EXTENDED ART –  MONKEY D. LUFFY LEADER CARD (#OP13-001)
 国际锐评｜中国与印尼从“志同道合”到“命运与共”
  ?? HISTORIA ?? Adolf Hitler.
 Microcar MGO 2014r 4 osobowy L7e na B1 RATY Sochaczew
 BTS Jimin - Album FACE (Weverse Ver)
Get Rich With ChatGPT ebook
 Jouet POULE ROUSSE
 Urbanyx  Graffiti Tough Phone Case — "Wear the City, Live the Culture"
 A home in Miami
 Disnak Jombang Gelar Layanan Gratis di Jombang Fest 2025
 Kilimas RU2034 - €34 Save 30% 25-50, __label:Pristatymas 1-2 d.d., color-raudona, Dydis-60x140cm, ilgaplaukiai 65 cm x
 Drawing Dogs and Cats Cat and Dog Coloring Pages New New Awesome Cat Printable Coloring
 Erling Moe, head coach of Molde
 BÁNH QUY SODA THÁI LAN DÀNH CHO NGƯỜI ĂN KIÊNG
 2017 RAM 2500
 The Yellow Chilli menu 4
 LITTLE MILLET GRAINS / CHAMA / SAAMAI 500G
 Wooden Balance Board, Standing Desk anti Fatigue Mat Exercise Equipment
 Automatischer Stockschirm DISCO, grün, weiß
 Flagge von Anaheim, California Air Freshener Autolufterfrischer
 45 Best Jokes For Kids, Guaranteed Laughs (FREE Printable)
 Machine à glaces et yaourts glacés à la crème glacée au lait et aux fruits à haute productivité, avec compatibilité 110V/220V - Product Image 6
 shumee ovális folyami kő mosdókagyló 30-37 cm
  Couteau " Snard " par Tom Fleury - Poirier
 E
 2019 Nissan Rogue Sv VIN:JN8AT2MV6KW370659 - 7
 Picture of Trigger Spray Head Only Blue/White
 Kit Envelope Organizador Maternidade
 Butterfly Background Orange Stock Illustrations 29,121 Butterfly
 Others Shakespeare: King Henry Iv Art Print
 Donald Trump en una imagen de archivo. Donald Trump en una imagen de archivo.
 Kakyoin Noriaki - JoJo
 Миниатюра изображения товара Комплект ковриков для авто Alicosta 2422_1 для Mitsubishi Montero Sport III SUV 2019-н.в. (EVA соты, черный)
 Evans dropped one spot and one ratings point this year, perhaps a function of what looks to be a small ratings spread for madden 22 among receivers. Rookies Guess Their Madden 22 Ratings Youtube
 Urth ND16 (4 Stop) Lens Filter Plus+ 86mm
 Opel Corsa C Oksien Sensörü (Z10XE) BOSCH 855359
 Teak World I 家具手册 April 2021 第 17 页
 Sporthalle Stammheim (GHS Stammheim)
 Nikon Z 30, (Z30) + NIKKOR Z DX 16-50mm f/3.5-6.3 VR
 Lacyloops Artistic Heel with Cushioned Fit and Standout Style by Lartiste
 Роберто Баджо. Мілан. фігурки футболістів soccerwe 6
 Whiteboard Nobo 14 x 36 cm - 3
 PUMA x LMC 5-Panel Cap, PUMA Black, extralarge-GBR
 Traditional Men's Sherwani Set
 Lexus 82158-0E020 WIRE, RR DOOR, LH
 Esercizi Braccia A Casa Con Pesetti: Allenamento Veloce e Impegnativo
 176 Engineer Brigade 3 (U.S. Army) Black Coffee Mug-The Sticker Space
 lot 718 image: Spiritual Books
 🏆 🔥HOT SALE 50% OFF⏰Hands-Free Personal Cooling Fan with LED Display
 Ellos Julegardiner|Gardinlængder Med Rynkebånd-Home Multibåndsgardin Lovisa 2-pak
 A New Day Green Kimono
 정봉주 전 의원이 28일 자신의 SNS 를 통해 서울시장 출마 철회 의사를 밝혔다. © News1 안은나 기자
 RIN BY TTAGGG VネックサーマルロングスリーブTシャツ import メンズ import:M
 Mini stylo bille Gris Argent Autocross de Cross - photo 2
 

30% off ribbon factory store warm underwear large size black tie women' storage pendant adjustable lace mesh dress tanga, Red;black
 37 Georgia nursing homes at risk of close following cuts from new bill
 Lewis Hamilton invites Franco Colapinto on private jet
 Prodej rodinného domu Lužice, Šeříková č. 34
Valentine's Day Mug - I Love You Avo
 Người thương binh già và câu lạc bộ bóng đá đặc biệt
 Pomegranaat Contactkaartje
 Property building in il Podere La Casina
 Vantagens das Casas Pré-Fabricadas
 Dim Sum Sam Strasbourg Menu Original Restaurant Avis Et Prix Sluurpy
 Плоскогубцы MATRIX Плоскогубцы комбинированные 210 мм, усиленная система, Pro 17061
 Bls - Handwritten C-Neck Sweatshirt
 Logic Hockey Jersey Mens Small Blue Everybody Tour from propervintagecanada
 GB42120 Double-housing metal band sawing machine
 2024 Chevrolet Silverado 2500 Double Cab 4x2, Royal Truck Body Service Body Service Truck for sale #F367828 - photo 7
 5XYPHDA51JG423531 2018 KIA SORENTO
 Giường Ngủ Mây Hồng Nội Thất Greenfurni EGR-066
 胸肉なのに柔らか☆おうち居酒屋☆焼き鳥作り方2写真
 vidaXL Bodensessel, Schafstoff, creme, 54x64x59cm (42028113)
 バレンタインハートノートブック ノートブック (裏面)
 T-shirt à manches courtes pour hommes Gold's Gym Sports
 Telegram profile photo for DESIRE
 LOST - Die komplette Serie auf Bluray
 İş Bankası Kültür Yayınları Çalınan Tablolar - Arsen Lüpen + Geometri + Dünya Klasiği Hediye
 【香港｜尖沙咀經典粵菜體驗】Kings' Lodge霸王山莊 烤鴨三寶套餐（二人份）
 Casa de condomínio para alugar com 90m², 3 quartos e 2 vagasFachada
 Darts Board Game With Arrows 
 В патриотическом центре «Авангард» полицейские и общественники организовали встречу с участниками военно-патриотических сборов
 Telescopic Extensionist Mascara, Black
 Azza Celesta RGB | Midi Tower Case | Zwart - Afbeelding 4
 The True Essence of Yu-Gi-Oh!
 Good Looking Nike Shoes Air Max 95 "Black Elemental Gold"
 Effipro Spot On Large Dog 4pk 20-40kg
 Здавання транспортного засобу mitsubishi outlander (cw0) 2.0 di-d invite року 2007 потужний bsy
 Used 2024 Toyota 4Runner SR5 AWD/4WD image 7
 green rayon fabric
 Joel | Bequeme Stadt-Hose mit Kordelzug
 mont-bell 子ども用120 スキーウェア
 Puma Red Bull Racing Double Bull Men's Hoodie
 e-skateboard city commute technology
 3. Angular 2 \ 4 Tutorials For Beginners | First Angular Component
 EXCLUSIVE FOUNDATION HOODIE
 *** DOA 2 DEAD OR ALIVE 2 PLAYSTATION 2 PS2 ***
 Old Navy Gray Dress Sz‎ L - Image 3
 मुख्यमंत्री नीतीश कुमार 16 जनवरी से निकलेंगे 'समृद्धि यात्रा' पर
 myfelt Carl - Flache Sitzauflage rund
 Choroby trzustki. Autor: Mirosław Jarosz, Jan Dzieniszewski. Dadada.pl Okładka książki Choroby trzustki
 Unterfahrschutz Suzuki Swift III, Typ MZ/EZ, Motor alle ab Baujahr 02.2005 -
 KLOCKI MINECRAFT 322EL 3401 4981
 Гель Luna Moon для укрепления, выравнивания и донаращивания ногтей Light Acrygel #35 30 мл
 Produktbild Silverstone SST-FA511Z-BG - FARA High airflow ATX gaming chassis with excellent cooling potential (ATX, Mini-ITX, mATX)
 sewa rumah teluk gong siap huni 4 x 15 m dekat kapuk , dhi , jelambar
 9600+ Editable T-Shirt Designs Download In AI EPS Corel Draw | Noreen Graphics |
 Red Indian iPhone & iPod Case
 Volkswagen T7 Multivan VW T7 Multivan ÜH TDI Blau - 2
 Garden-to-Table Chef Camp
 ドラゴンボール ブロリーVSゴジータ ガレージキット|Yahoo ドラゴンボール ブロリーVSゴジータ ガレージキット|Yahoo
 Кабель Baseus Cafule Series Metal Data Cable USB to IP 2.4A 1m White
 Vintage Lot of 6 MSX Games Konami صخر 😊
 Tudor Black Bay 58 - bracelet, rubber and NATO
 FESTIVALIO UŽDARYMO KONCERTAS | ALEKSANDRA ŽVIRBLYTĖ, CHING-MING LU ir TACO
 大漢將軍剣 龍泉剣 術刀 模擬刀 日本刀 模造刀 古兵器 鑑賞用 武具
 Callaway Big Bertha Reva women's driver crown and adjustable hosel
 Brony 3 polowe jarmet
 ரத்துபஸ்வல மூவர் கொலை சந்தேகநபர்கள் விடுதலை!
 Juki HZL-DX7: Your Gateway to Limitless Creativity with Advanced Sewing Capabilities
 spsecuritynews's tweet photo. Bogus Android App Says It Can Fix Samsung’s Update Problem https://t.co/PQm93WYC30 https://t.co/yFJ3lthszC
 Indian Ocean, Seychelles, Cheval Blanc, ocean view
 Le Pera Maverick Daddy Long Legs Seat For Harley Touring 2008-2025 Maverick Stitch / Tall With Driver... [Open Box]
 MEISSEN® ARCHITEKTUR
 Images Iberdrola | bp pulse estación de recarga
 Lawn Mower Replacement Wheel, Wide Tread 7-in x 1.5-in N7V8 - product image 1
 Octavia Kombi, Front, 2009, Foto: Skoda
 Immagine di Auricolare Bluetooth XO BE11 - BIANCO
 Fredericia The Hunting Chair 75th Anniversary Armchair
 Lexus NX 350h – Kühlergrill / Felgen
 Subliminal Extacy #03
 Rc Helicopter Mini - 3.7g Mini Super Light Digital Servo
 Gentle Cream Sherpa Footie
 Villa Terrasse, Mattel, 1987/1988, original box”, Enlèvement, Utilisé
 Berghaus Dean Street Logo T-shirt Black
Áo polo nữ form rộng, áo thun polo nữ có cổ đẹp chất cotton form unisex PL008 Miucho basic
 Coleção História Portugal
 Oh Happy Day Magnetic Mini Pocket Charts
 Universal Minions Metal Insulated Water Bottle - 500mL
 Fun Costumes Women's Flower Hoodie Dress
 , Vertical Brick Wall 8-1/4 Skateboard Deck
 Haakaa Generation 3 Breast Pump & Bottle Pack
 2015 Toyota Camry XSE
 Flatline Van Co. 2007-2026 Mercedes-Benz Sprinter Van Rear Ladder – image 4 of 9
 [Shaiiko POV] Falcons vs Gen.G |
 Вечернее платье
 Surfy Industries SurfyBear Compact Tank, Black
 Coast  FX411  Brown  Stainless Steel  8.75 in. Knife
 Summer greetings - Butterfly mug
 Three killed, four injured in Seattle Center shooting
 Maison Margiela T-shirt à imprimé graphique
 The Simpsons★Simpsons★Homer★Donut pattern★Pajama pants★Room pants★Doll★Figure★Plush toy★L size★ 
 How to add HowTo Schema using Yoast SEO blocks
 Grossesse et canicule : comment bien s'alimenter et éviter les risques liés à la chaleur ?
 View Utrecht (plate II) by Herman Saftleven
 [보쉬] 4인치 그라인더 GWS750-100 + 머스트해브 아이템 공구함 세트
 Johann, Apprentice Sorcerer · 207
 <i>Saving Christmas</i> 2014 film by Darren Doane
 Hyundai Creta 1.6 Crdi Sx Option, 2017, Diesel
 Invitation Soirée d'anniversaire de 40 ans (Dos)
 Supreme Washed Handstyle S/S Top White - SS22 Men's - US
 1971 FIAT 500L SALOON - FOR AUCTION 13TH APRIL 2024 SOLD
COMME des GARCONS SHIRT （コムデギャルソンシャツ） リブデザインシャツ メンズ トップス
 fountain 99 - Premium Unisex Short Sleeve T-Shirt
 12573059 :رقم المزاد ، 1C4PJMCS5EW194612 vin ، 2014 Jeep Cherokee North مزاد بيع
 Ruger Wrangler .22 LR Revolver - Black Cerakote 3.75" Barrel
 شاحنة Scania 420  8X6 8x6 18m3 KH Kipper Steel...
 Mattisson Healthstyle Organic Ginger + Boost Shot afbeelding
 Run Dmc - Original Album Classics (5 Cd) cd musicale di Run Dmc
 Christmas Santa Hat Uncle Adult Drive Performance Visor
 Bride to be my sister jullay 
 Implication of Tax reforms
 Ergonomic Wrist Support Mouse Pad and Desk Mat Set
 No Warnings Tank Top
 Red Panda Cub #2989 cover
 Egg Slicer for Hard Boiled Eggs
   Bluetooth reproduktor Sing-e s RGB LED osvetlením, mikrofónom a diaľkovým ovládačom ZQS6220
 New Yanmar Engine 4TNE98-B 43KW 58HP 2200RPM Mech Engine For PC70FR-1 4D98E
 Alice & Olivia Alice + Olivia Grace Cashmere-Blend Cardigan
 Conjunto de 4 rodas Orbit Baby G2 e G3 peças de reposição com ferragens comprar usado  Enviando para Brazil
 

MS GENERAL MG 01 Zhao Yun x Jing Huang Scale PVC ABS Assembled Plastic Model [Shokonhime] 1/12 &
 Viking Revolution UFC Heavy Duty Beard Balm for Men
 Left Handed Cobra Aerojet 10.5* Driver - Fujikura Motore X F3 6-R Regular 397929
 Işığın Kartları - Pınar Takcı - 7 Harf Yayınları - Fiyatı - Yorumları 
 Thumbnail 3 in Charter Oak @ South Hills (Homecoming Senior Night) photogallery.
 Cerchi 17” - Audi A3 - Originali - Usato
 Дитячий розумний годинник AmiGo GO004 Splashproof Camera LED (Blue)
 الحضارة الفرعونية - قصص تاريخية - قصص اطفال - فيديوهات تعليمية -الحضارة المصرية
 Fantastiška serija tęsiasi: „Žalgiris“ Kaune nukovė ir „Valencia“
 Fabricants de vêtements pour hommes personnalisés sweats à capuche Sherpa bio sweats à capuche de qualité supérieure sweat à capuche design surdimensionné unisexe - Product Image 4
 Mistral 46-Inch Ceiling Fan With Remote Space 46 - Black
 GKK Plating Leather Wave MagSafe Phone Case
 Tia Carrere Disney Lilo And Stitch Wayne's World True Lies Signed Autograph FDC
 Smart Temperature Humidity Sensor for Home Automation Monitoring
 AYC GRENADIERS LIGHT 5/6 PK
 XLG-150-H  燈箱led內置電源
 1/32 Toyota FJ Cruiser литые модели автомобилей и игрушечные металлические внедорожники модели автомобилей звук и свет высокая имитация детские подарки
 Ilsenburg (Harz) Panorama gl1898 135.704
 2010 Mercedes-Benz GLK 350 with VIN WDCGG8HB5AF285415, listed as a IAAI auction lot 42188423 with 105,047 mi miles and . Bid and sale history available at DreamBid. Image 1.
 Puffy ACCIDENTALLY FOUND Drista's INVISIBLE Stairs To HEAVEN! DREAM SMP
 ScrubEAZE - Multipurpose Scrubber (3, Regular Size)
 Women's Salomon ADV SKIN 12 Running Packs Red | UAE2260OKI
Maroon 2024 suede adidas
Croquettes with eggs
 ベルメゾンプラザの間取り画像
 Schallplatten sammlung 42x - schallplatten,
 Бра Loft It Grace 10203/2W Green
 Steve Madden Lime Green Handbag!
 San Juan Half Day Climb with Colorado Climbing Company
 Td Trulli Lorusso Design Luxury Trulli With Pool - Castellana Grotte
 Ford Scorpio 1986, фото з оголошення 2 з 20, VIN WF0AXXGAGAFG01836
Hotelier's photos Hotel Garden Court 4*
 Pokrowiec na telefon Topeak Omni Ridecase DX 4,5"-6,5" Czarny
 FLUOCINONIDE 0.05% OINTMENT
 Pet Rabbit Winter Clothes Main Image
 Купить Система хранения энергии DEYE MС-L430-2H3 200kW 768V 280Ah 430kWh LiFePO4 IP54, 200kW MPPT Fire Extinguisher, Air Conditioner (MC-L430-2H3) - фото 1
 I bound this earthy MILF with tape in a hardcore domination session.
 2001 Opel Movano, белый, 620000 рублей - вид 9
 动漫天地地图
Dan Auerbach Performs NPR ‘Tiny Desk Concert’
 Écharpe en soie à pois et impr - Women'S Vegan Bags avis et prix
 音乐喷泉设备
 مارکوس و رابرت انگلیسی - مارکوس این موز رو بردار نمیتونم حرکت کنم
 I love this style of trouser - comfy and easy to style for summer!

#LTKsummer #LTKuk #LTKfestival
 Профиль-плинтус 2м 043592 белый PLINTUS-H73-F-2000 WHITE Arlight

______________________________

* Problem to work on
Using the data above, repeat exactly the lines that begin at the line with "Bride to be my sister jullay" and end at the line with "Conjunto de 4", both ends included.

* Solution for this exercise
 Bride to be my sister jullay 
 Implication of Tax reforms
 Ergonomic Wrist Support Mouse Pad and Desk Mat Set
 No Warnings Tank Top
 Red Panda Cub #2989 cover
 Egg Slicer for Hard Boiled Eggs
   Bluetooth reproduktor Sing-e s RGB LED osvetlením, mikrofónom a diaľkovým ovládačom ZQS6220
 New Yanmar Engine 4TNE98-B 43KW 58HP 2200RPM Mech Engine For PC70FR-1 4D98E
 Alice & Olivia Alice + Olivia Grace Cashmere-Blend Cardigan
 Conjunto de 4 rodas Orbit Baby G2 e G3 peças de reposição com ferragens comprar usado  Enviando para Brazil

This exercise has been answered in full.